Dangers Down South
(This
959th Buffalo Sunday News column was
first published on August 9, 2009.)
Remember
the story of the country mouse and the city mouse. The country mouse is
impressed with the life style of the city mouse until he learns of the
associated dangers.
We
have a parallel with that story in our relationship with Florida. During harsh
winters like the one that ended just weeks ago, we think how wonderful it would
be to live down there.
But
Florida faces problems that outstrip many of ours and some of them are getting
worse every year. I will not detail here the familiar ones: direct hits by
hurricanes with the associated doubling of taxes and insurance, the precipitous
decline in home values associated with the depression, crime and politics that
defy comparison even with Buffalo. Instead I write about two problems faced by
anyone in Florida who is interested in nature.
Here
I can walk along any creek and into any marsh safely. All I have to worry about
are mosquitoes and possibly ticks. My life is not threatened.
Not
so today in much of Florida. There you have to worry about being attacked by an
alligator or even a crocodile.
When
I rode a bus for miles along state highways on a recent Florida visit, I was
amazed at the number of alligators I saw. About one every quarter mile basked
in the sun in roadside drainage ditches. In larger pools their snouts broke the
smooth water surface in the same way that the heads of frogs and turtles do
here in the north.
These
are big reptiles. The ones I saw appeared to be ten or twelve feet in length
but the average adult alligator is thirteen feet long and weighs 800 pounds.
Normally
alligators are shy beasts that inhabit only the backwaters of deep swamps, but,
with some nitwits even feeding them, they have accommodated to populated areas
and their attacks are serious, some fatal and many causing injuries including
loss of limbs.
Those
killed don't fit a pattern. Here are a few: a 28-year old jogger last seen
cooling her feet in a canal; a 54-year old landscape worker; swimmers aged from
11 to 52; a dog walker in the Ding Darling Refuge; a 29-year old snorkeler; a
4-year-old walking along a lakeshore, an 82-year-old house-sitter.
Fossils
indicate that the American alligator has survived for 200 million years but so
many were killed in the 19th century that the species was threatened with
extinction. This led to their listing as endangered in 1967 and their numbers immediately
multiplied. One reason for their rapid recovery: cannibalism by adult males is
the most serious threat to young alligators and, when the adult population was
so low, most of the 20 to 50 hatched young survived. So successful was the
recovery that the species was delisted in 1987.
And
now, as if alligators were not enough of a threat, we have another monster to
avoid.
If
you watch, as I do, those old Tarzan movies on late night television, you get
used to the required episodes: a native bearer falls from a cliff, another
sinks into quicksand and still another is crushed by a python.

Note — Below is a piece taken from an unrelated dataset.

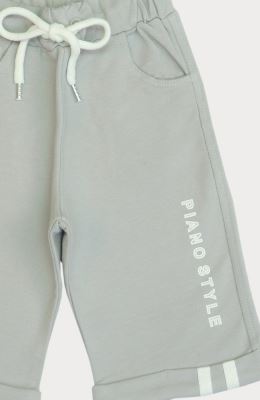 شلوارک دورس دو نخ دمپا نوار کتان دار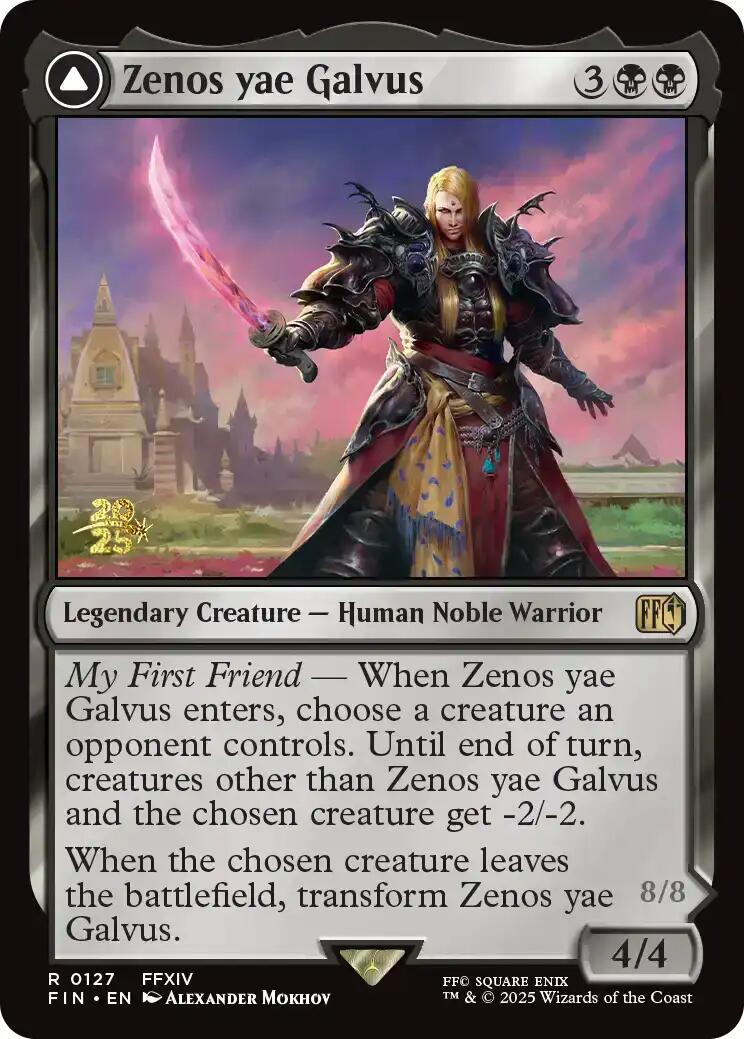 Zenos yae Galvus // Shinryu, Transcendent Rival [FINAL FANTASY Prerelease Promo] | Good Games Cannington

Sometimes the Ape Man himself is threatened but escapes one of these hazards.
Florida
doesn't have cliffs (its highest elevation is a mere 345 feet above sea level)
and I know of no quicksand there, but today the southern part of the state and
particularly the Everglades has been invaded by Burmese pythons.
Yes,
Burmese pythons. When they are small, these snakes are sold to reptile fanciers
for as little as $20. Countrywide, over 25,000 are legally imported for these
sales each year. Unfortunately, over time they grow to 18 feet and 160 pounds.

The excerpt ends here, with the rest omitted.